9 Responses to “Muckrakers”

  1. david wingrove Says:

    This is a fantastic film! Zulawski made it as a bid to win back the ghastly Sophie after she became rather friendly with Mel Gibson – in the hope, apparently, of having a Hollywood career. Sorry, sweetie, but only God can work miracles! Sophie Marceau is magical in Zulawski´s films but utterly useless in anything else. And La FIdelite is not even the best of their work together. For that, check out La Note Bleue.

  2. It amuses me that Zulawski scored his biggest French hits with Romy Schneider and Sophie Marceau, both of whom had come to fame in uncool juvenile movies and were desperate to destroy their squeaky-clean images. And Zulawski, for whom the word “iconoclast” could have been invented, was the man for the job.

  3. Patrice Chereau hated Pascale Greggory’s performance in Rohmer’s Pauline at the Beach. But he’s so cute, I said. “Yes he’s always cute, but he doesn’t know what he’s doing!” On a more personal level Chereau opined of Greggory “We got along a lot better after we broke up.”

  4. An actor doesn’t necessarily need to know what he’s doing, does he? As long as he’s being honest and interesting and the director knows what he’s doing… He’s aged interestingly — no longer cute, I’d say, by the time of La Fidelite, but quirky and striking.

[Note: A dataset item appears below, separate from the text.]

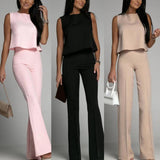 Two-piece Elegant Back Hollow Set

  5. And I’d say by the time of Those Who Love Me Can Take the Train

  6. He’s got Jean-Marc Barr syndrome. Though Barr didn’t get that much more interesting.

  7. Jean-Marc is loads of fun. He has the BEST Udo Kier stories.

  8. david wingrove Says:

    Are there any dull Udo Kier stories? I doubt it.

  9. Mine is kind of dull. Saw him at the Pompidou Centre. My friend said “It’s Udo Fucking Kier!” Nothing happened.